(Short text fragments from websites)
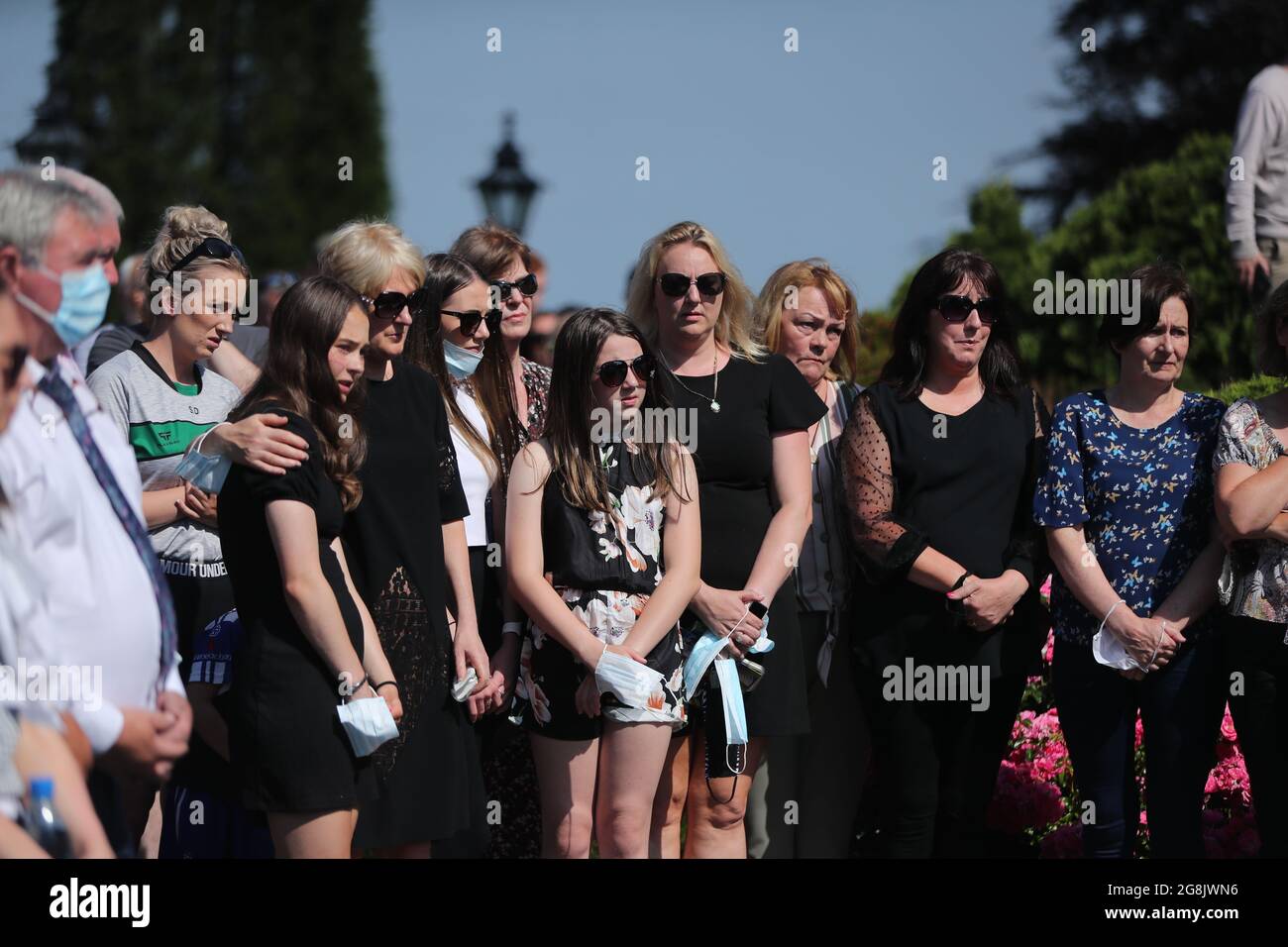 Les amateurs de deuil assistent aux funérailles de Brendan og Duffy, l'étoile de Monaghan GAA U20, à la cathédrale St McCartan, dans la ville de Monaghan. Date de la photo: Mercredi 21 juillet 2021. Banque D'Images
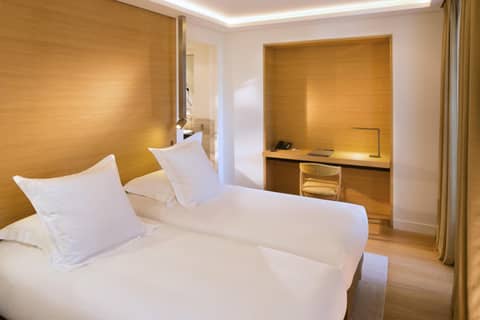 Hotel Marignan Champs-Elysées — photo 9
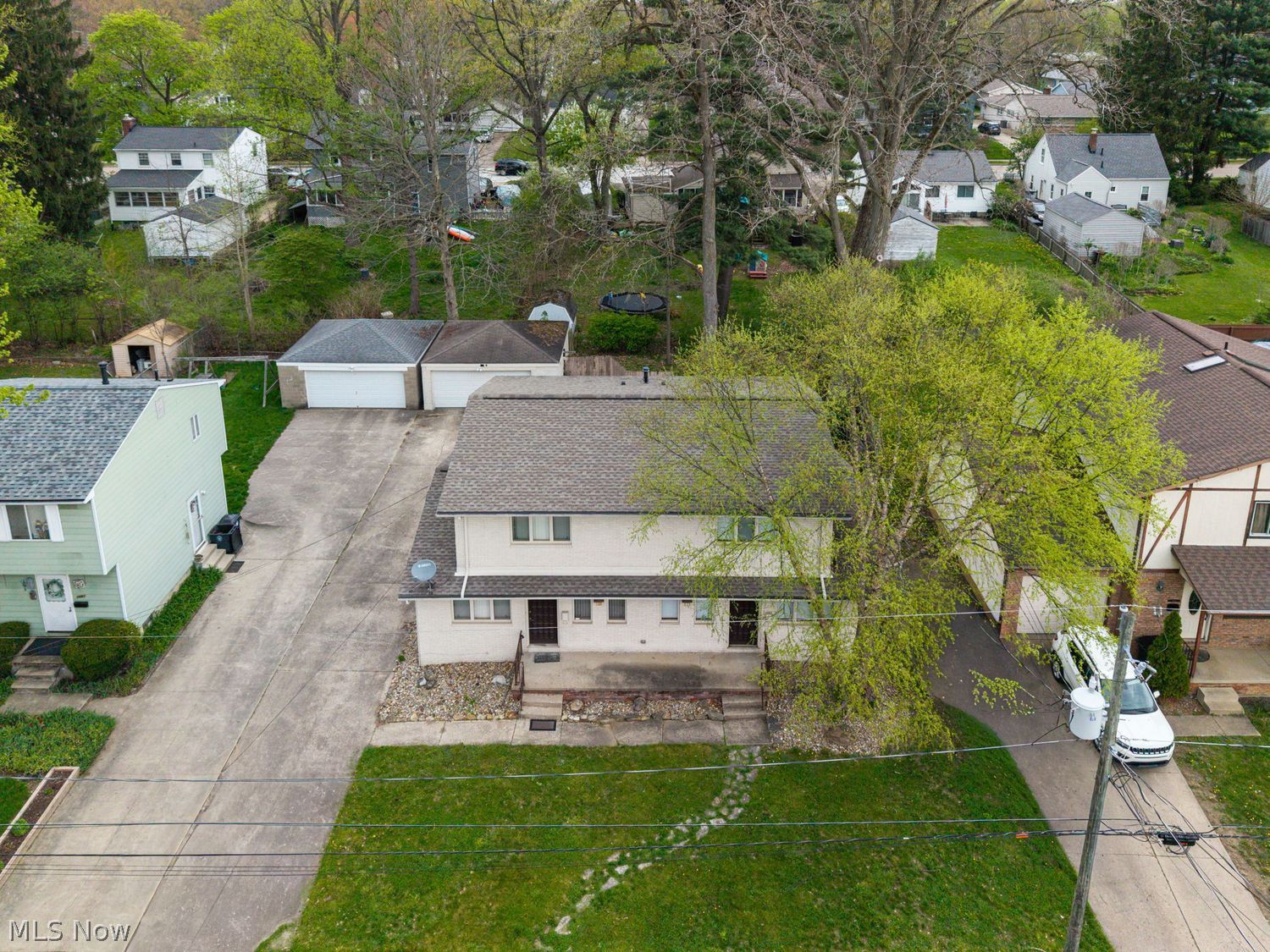 1655-1657 Tanglewood Drive Akron OH 44313
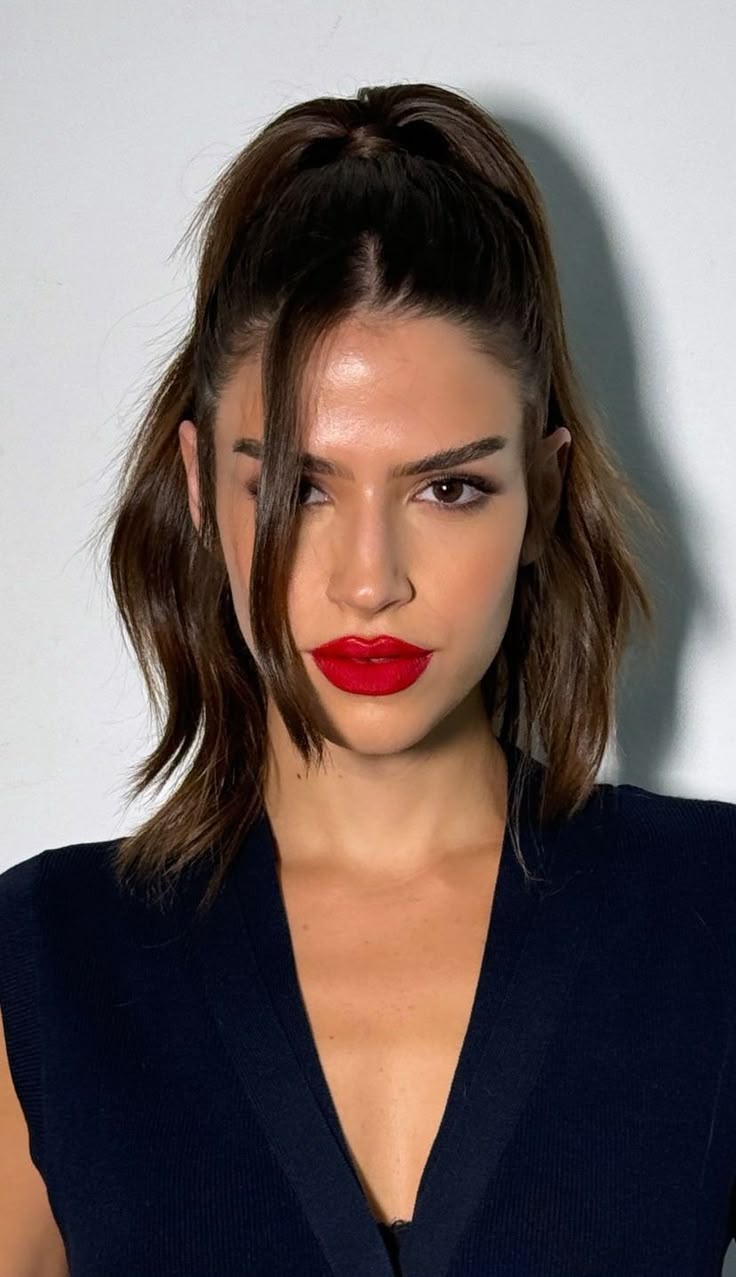 Εύκολα χτενίσματα για την Κυριακή του Πάσχα που μπορείς να κάνεις μόνη σου στο σπίτι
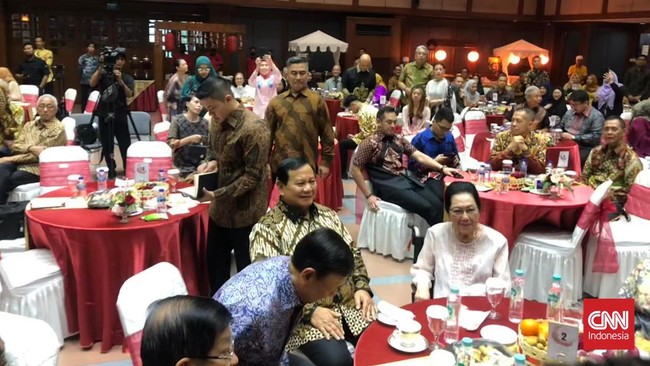Presiden terpilih Prabowo Subianto mengenakan baju batik cokelat dan langsung duduk semeja di samping Siti Hardjati Wismoyo Arismunandar.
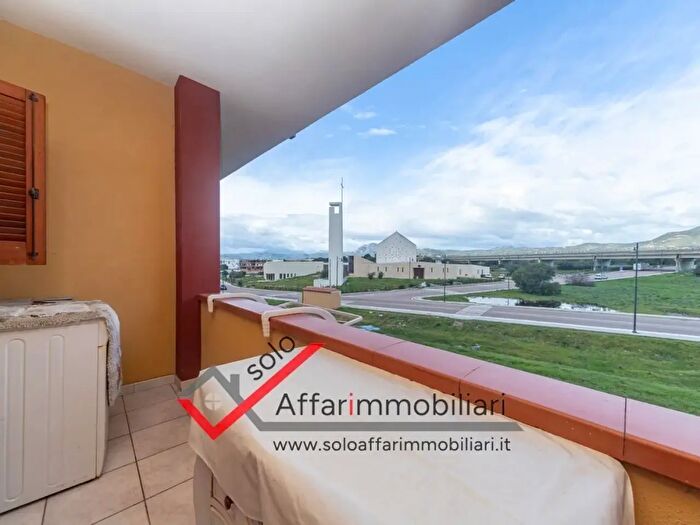 Appartamento bilocale in vendita in Via dei Pini, Olbia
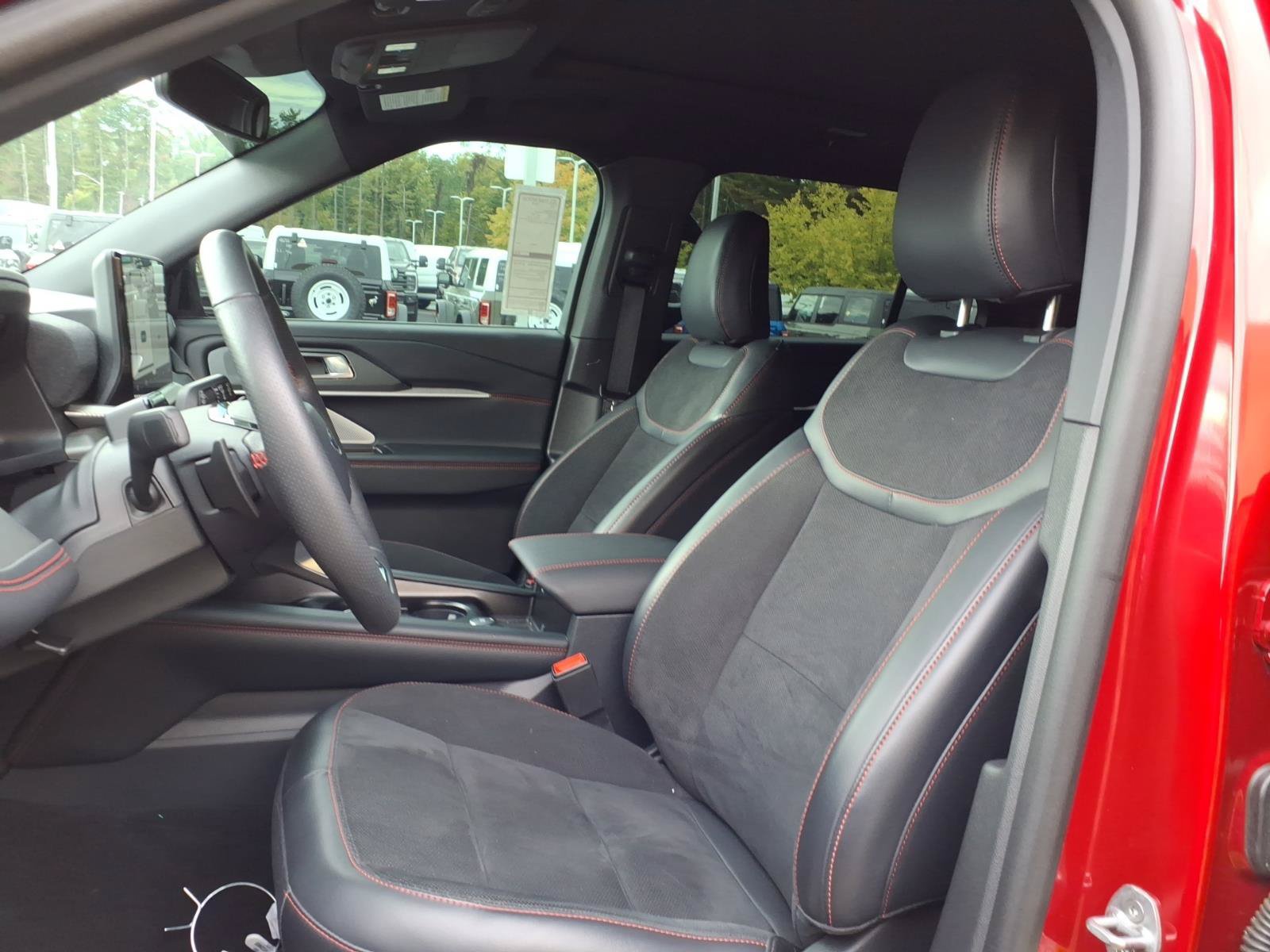 Used 2025 Ford Explorer ST w/ Sun And Sound Package AWD/4WD image 15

◆ **PROMPT**
Please set down, exactly and with nothing added, the lines from the line with "Hotel Marignan Champs-Elysées — photo 9" to the end of the entries above, omitting pictures.

◆ **YOUR RESPONSE**
 Hotel Marignan Champs-Elysées — photo 9
 1655-1657 Tanglewood Drive Akron OH 44313
 Εύκολα χτενίσματα για την Κυριακή του Πάσχα που μπορείς να κάνεις μόνη σου στο σπίτι
Presiden terpilih Prabowo Subianto mengenakan baju batik cokelat dan langsung duduk semeja di samping Siti Hardjati Wismoyo Arismunandar.
 Appartamento bilocale in vendita in Via dei Pini, Olbia
 Used 2025 Ford Explorer ST w/ Sun And Sound Package AWD/4WD image 15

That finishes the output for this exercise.